Mais c'est la calme avant la tempête car du côté de Susie aussi, la situation a changé : elle a accepté, sans le dire à Midge, d'être l'impresario de Sophie Lennon, cette humoriste qui a tout fait pour torpiller la carrière de la jeune femme. Quand Midge l'apprend, elle est légitimement furieuse mais son amie Imogene lui explique que Susie ne court pas sur l'or (effectivement, elle partage un réduit avec la patron du club "Gaslight" et un autre homme, n'a pas de compte en banque, pas de voiture, pas de secrétaire) et donc ne peut pas représenter qu'une artiste (qui ne lui laisse que 10% de son cachet). Les deux partenaires se réconcilieront finalement.

Cependant, cette saison est traversée par des tensions : Joel achète un club dans Chinatown et découvre qu'au sous-sol il y a une salle de jeux clandestine, donc qu'on l'a arnaqué, et ensuite les réparations de l'endroit sont difficiles et harassantes.

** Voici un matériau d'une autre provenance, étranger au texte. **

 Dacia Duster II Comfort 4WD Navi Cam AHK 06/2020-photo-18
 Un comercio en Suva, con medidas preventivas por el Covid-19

Chez les Weissman, rien ne va plus : ayant démissionné de son poste d'enseignant à Columbia et de directeur de recherches à Bell Labs, Abe découvre que Rose subvient à leurs besoins grâce à l'argent que lui alloue sa famille - famille très machiste qui, lorsque Rose leur rend visite pour obtenir une rallonge, décide si elle y a droit sans qu'elle ait son mot à dire !

Quant à Susie, elle doit dorloter Sophie Lennon qui n'y pet pas du sien : elle a jeté son dévolu sur Mademoiselle Julie pour son grand retour sur les planches mais n'apprend pas son texte, se fâche avec le comédien qui lui donne la réplique et le metteur en scène dont elle ne comprend pas les directives. Tout cela aboutira à un fiasco total et prévisible qui prouvera que si Sophie Lennon ne manque pas de talent, le courage lui fait en revanche défaut et c'est pour cela qu'elle sabotera tout.

Du coup, ces mésaventures, auxquelles il faut ajouter le déménagement des Weissman chez les Maisel, l'échec total de la tentative de Abe de créer un journal avec de jeunes militants de gauche qui s'avèreront des petits bourgeois conformistes, ont tendance à éclipser la vraie star de la série, Midge elle-même. Certes, on la voit triompher sur plusieurs scènes, s'épanouir dans son rôle, même si cela ne l'empêche pas d'appréhender cette existence nomade, sans relation amoureuse stable, loin de ses enfants et ses parents. Mais au final, on la voit peu et c'est frustrant.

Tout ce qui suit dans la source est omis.